Material for the task >>
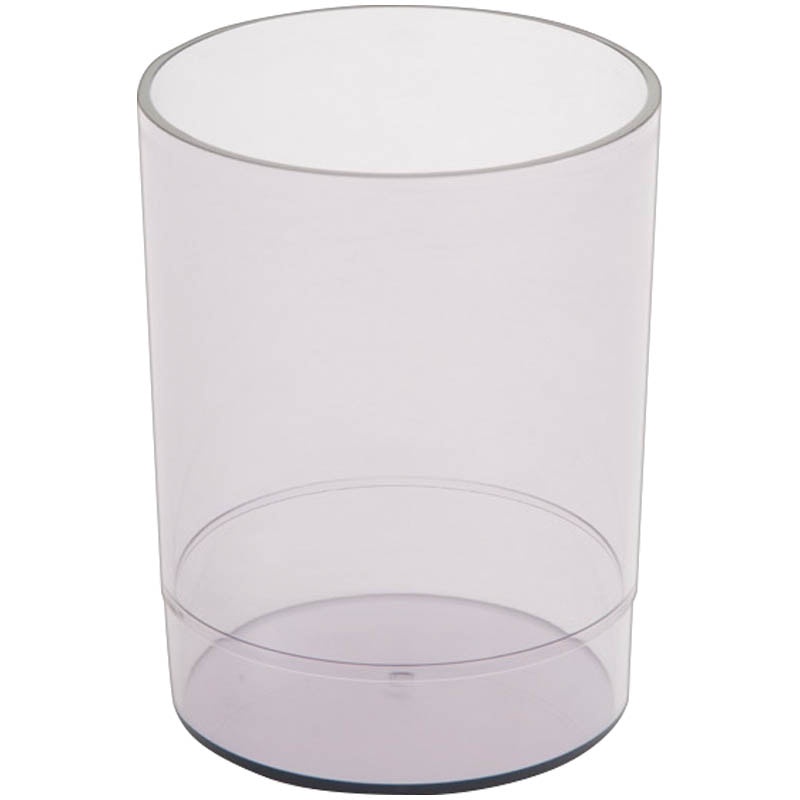 Подставка-стакан Стамм "Офис" СН15, пластик, круглый, тонированный серый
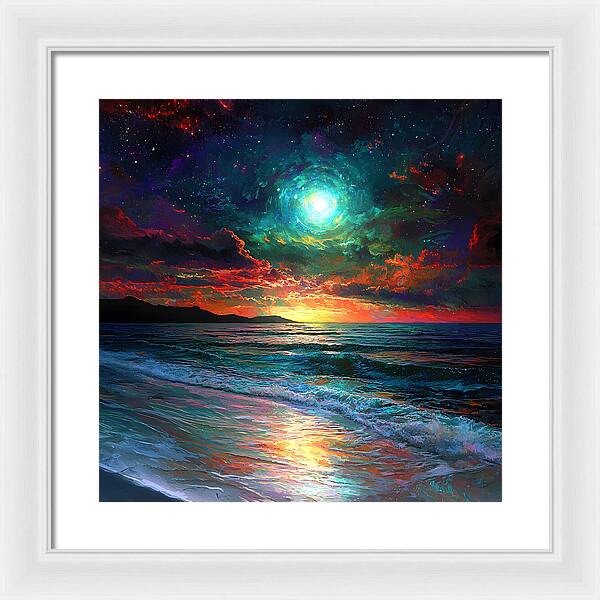 Cosmic Sunset - Framed Print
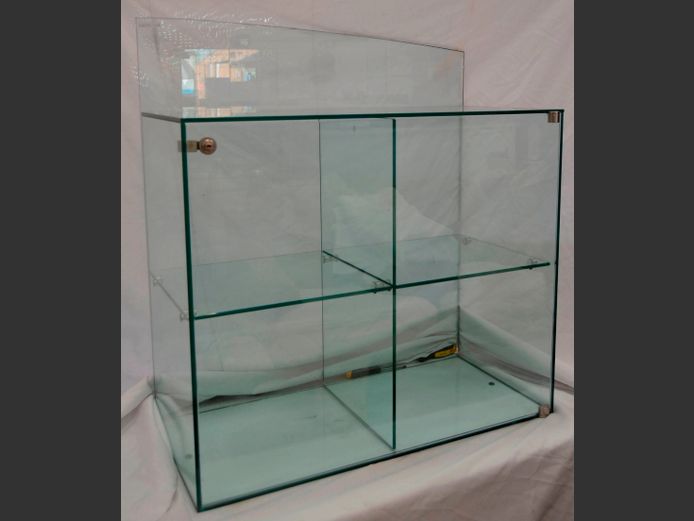 SINGLE DOOR GLASS DISPLAY CABINET, 84 x 39 x 81cm [Door loose]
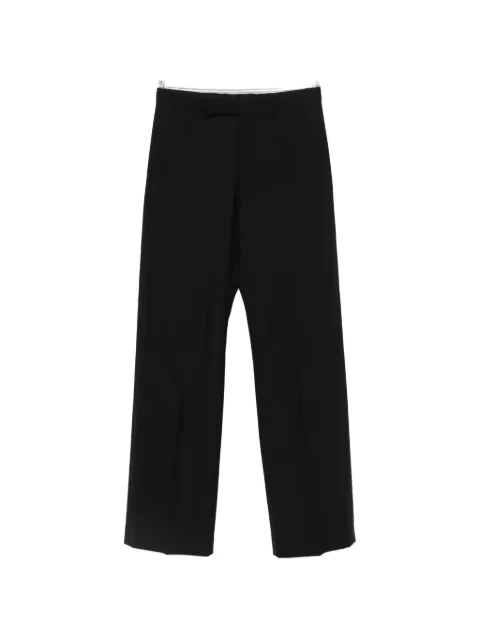 Rick Owens pressed-crease tailored trousers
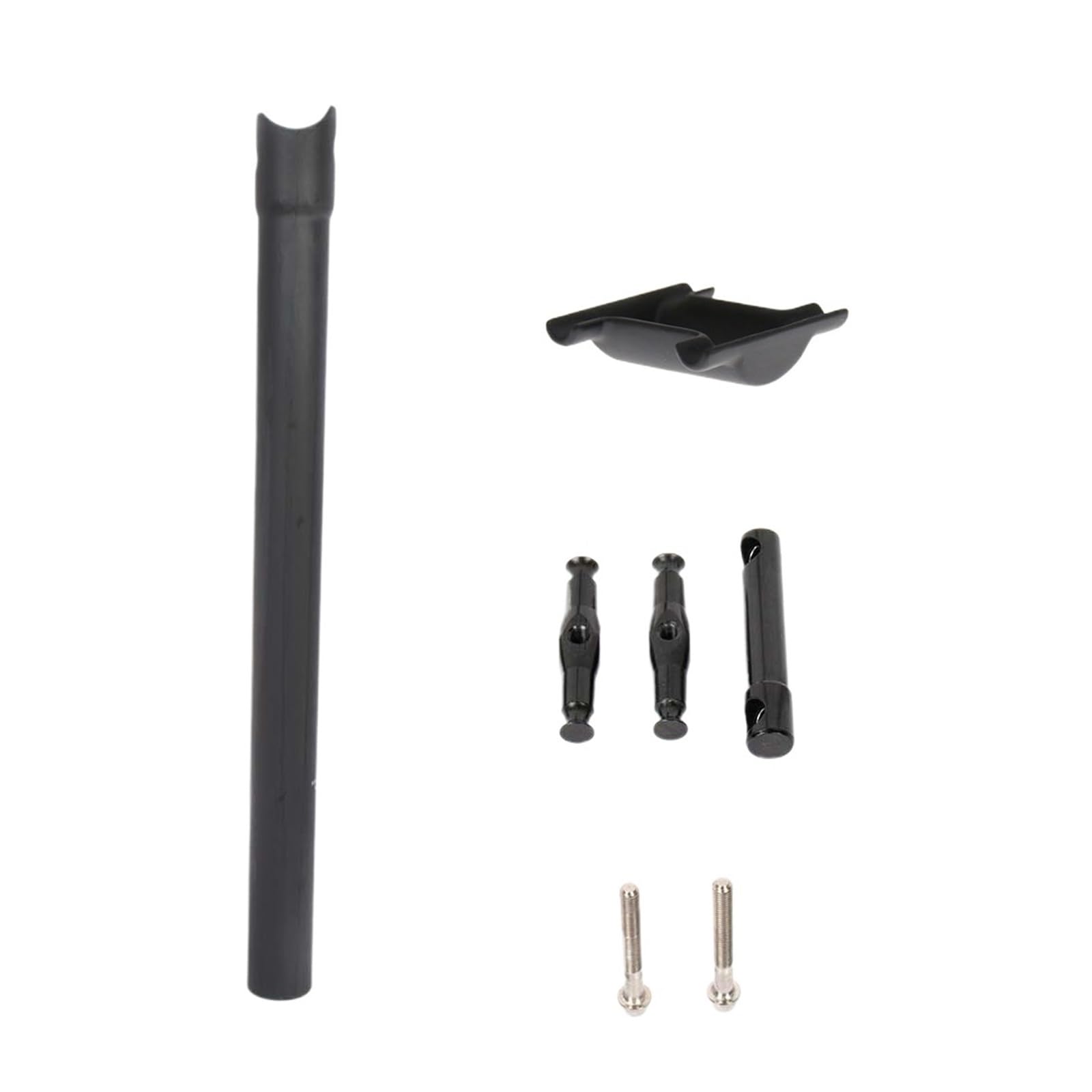 Reggisella leggero nero opaco da 27,2/30,9/31,6 mm, bicicletta strada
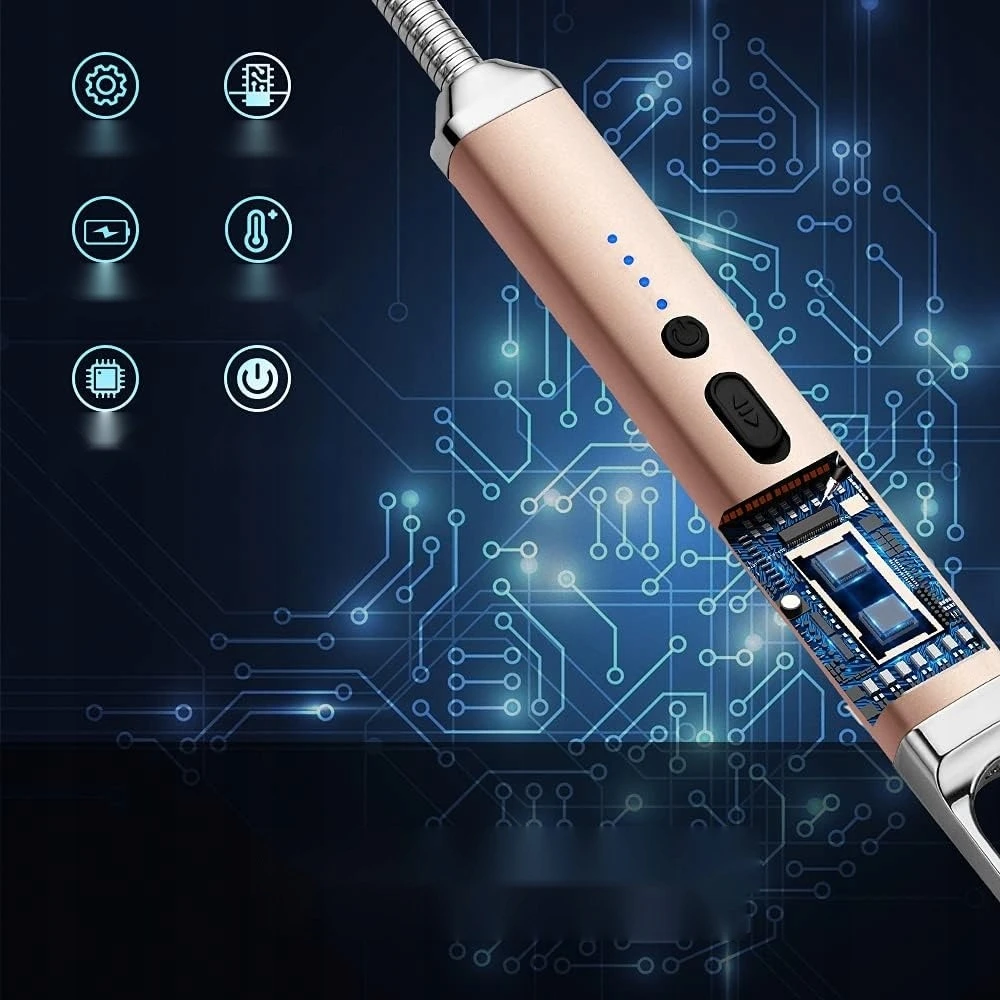 Bez Marki USB ELEKTRINIS žiebtuvėlis BEDEGIS SUKAMAS VANDENIUI ATSPIRUS AKUMULIATORIUS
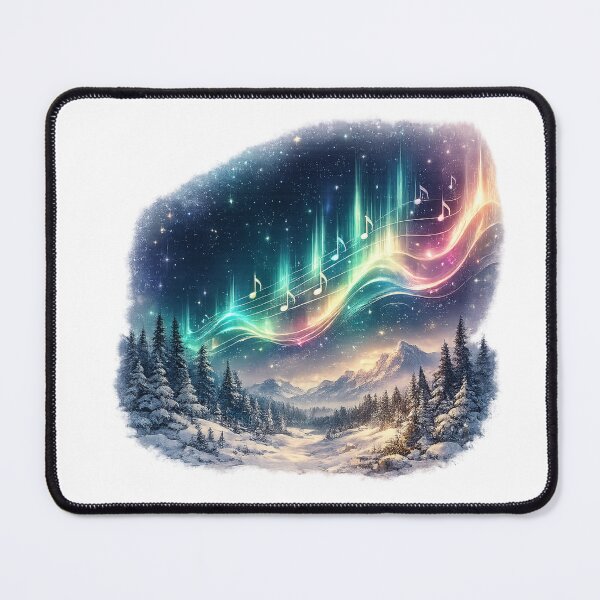 Item preview, Northern Lights as Sound Waves | Aurora Music Abstract | Nature Inspired Graphic Illustration designed and sold by NatureHarmony16.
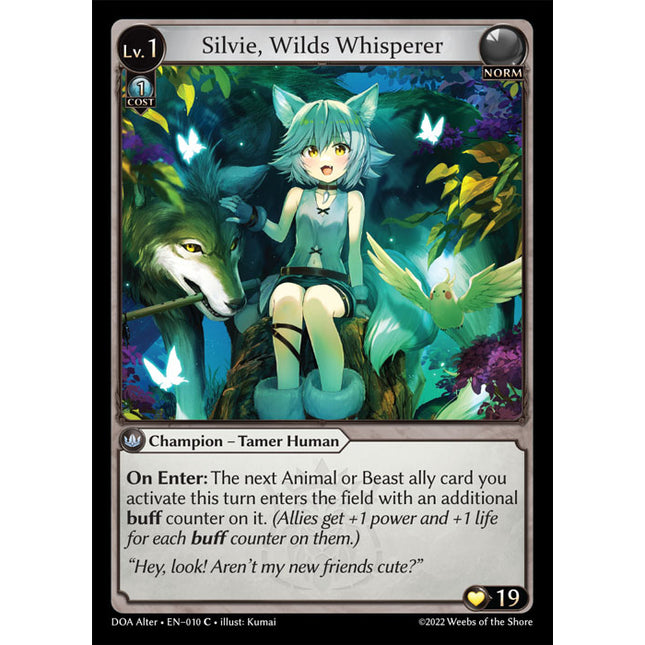 Silvie, Wilds Whisperer - DOA Alter EN-010 - x4 - Common - Near Mint - Non-Foil - Grand Archive TCG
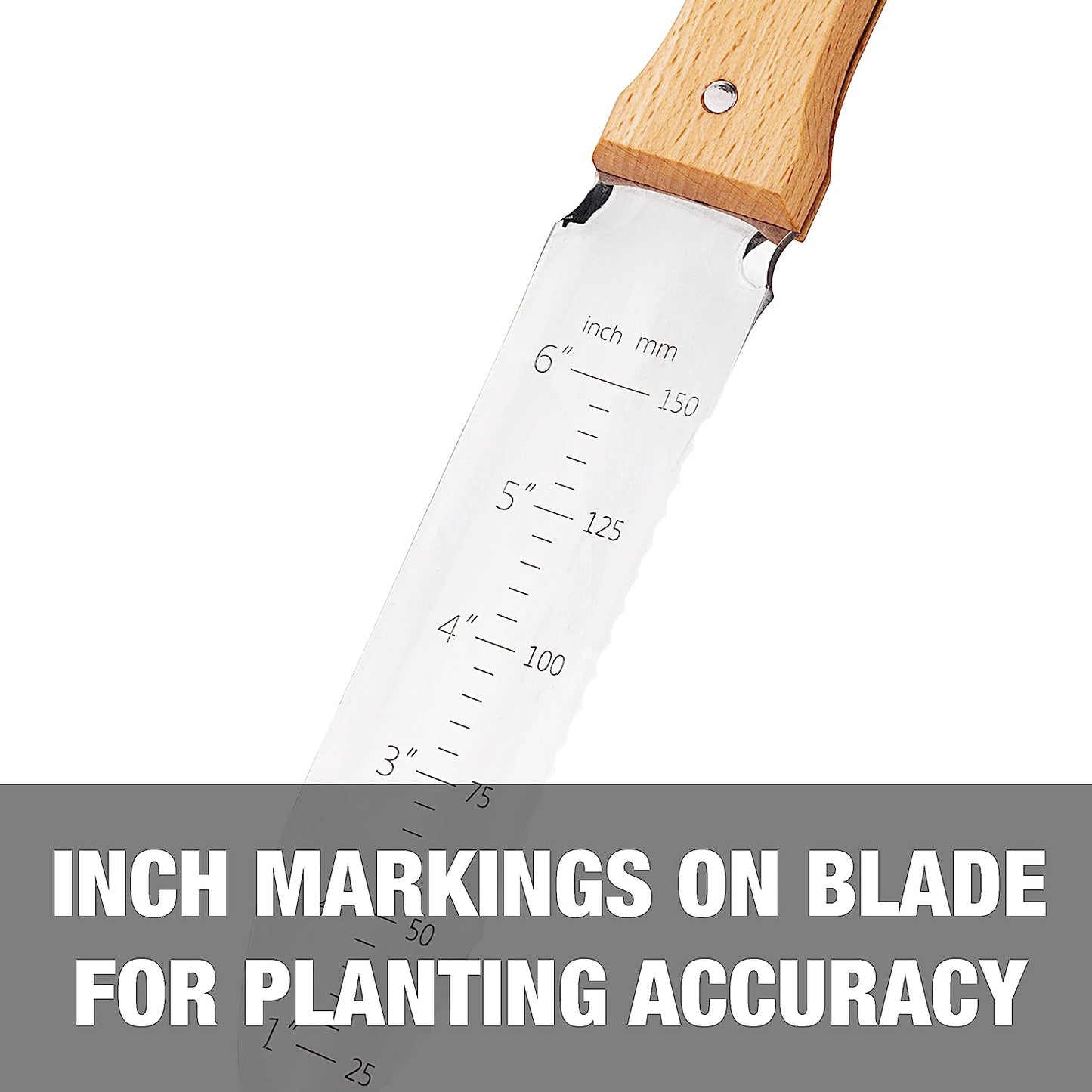 NISAKU NJP650 The Original HORI HORI Japanese Stainless Steel Weeding Knife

Problem statement >>
From the line containing "Cosmic Sunset - Framed Print" to the last line of the entries, copy every line exactly, including both ends, and leave out the pictures.

Solution for this problem >>
 Cosmic Sunset - Framed Print
 SINGLE DOOR GLASS DISPLAY CABINET, 84 x 39 x 81cm [Door loose]
 Rick Owens pressed-crease tailored trousers
 Reggisella leggero nero opaco da 27,2/30,9/31,6 mm, bicicletta strada
 Bez Marki USB ELEKTRINIS žiebtuvėlis BEDEGIS SUKAMAS VANDENIUI ATSPIRUS AKUMULIATORIUS
 Item preview, Northern Lights as Sound Waves | Aurora Music Abstract | Nature Inspired Graphic Illustration designed and sold by NatureHarmony16.
 Silvie, Wilds Whisperer - DOA Alter EN-010 - x4 - Common - Near Mint - Non-Foil - Grand Archive TCG
 NISAKU NJP650 The Original HORI HORI Japanese Stainless Steel Weeding Knife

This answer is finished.